When buying a used cryogenic immersion freezer, you can consider things like: 

  • Quality certificates: Inspect the quality certificates to ensure the product's quality.
  • Physical requirements: Consider the product's packaging, shape, size, and form.
  • Product quality requirements: Consider the product's quality requirements and selling price.
  • Losses: Consider losses in processing and post-thaw handling.

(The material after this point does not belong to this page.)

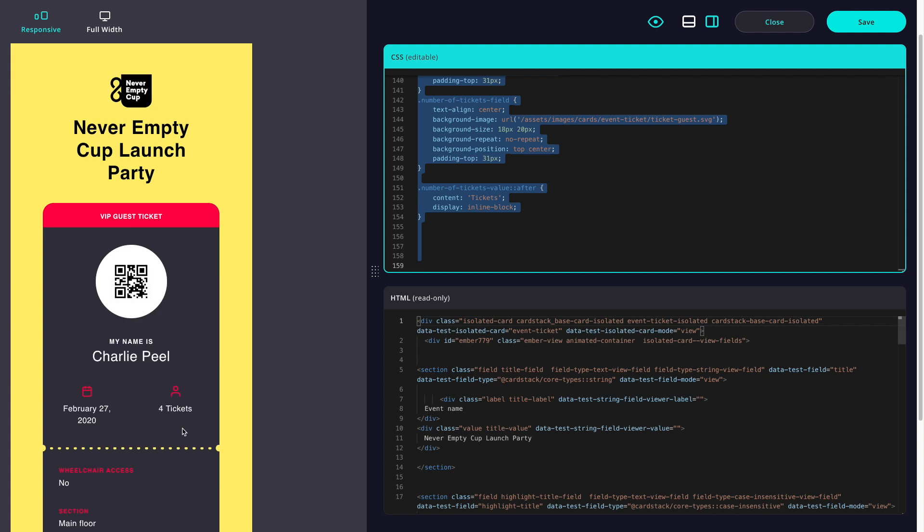You might be wondering what's coming next for the themer features. Although the card we made today looks dramatically different than what we started with, most of the time we just need to make small adjustments to a card's style, like font size, color, and spacing. In the future, these small adjustments can be made without CSS.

Role of Precision Machining of Small Parts

Machined products are specially made equipment and spare parts that improve the functioning of larger systems. They are primarily small parts used in larger equipment. Hence, the process called precision machining is used. In the case of precision machining of small parts, the process removes excess material from a workpiece while maintaining close tolerance finishes. 

When using precision machining, manufacturers choose material properties that match the machine in which these tiny parts are used. The end product of the more extensive equipment also plays a crucial role in the type of machines they make. 

In effect, precision machining is an important phase of manufacturing and plays a vital role in improving productivity of machines. There are several ways by which such precision machining is implemented and is usually determined by the type of materials in use. 




Used cryogenic immersion freezers play a critical role in diverse industries, especially in the food engineering sector, as they help store raw materials and retain nutrients and freshness. But they are most useful in bio labs and pharmaceutical industries. They are highly used in transporting bacteria enzymes, hormones, antibiotics, blood proteins, and plasma. Precision machining of small parts is essential in enhancing larger machines' functionality and ensuring consistent performance.